Your task is to repeat the entries exactly from their first line through the line with "From the given", and to stop there.

---- SOURCE DATA

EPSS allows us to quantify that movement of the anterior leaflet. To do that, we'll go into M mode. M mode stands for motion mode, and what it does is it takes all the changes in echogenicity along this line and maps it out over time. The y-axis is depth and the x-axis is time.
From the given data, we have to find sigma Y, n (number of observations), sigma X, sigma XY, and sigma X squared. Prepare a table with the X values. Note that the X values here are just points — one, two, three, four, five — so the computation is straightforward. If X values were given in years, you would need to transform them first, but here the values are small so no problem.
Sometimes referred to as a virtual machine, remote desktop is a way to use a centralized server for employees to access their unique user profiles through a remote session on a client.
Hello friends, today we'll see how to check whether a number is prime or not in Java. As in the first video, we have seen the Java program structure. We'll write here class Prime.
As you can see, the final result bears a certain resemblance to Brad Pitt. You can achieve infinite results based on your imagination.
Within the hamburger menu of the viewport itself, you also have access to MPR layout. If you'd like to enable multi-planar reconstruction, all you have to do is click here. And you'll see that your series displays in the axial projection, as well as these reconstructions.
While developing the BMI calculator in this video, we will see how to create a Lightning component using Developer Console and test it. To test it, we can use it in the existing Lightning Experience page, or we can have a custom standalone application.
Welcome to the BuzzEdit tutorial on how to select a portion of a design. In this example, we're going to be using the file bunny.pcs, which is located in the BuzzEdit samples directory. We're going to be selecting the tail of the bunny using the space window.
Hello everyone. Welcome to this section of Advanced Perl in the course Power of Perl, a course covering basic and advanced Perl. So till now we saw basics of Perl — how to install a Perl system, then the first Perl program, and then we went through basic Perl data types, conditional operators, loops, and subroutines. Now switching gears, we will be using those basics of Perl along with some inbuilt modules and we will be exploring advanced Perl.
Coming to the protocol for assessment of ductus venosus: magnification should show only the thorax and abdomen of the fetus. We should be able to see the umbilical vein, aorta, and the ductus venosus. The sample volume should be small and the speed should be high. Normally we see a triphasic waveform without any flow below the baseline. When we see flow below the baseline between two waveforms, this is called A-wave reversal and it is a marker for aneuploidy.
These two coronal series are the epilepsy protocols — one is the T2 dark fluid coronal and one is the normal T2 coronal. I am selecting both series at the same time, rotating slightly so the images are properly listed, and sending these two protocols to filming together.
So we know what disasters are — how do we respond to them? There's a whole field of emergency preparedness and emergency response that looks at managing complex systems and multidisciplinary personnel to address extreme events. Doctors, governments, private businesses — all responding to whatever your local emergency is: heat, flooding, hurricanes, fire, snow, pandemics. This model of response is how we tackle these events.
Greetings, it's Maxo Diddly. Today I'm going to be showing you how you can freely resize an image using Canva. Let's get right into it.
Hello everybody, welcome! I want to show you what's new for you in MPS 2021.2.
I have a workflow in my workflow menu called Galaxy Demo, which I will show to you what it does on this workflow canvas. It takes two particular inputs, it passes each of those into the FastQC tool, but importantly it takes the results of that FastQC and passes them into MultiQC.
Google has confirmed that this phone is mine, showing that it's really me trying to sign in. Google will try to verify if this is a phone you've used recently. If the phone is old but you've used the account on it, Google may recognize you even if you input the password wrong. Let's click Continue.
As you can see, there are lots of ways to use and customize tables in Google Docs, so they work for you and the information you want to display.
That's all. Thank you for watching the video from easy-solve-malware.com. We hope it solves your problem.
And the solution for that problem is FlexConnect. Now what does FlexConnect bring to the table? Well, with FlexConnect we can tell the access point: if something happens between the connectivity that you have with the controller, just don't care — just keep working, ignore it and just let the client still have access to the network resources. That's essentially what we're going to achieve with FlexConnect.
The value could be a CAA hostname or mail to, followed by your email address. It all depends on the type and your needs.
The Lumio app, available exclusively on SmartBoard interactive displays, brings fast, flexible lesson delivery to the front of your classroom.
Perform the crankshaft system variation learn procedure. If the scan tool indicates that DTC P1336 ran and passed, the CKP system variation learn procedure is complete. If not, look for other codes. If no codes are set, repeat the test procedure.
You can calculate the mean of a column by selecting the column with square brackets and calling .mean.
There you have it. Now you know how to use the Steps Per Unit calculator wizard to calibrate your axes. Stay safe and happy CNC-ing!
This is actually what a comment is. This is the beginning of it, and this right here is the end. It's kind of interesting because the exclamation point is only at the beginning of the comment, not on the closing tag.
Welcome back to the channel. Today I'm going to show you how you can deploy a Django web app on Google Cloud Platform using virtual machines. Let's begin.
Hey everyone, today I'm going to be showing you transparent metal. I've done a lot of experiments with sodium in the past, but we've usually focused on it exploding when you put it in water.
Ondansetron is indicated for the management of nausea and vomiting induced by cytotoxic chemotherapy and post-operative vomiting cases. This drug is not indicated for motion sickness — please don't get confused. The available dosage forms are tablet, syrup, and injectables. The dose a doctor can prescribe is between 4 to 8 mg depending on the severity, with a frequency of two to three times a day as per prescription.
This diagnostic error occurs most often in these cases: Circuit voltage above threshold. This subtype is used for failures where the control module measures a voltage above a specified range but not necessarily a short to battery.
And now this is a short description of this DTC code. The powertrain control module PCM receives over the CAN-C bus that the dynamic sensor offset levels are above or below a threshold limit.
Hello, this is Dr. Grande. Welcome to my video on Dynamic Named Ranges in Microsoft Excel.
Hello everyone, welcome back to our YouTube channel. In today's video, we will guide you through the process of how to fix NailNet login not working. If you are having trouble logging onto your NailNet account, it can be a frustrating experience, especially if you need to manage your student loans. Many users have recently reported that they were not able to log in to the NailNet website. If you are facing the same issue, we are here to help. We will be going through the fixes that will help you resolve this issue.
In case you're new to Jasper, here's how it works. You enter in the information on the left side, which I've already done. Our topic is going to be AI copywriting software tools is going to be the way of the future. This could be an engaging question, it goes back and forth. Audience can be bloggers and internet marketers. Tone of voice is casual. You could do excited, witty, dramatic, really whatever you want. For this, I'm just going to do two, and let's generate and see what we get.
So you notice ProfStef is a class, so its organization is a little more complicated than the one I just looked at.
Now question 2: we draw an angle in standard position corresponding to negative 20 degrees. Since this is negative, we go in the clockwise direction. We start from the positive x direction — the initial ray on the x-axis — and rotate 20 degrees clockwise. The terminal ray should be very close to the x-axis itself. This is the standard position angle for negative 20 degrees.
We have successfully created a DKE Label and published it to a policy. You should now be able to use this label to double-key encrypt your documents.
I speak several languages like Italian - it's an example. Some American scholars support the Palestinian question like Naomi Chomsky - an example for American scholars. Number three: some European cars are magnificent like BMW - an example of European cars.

--------

ANSWER TO THE PROBLEM:
EPSS allows us to quantify that movement of the anterior leaflet. To do that, we'll go into M mode. M mode stands for motion mode, and what it does is it takes all the changes in echogenicity along this line and maps it out over time. The y-axis is depth and the x-axis is time.
From the given data, we have to find sigma Y, n (number of observations), sigma X, sigma XY, and sigma X squared. Prepare a table with the X values. Note that the X values here are just points — one, two, three, four, five — so the computation is straightforward. If X values were given in years, you would need to transform them first, but here the values are small so no problem.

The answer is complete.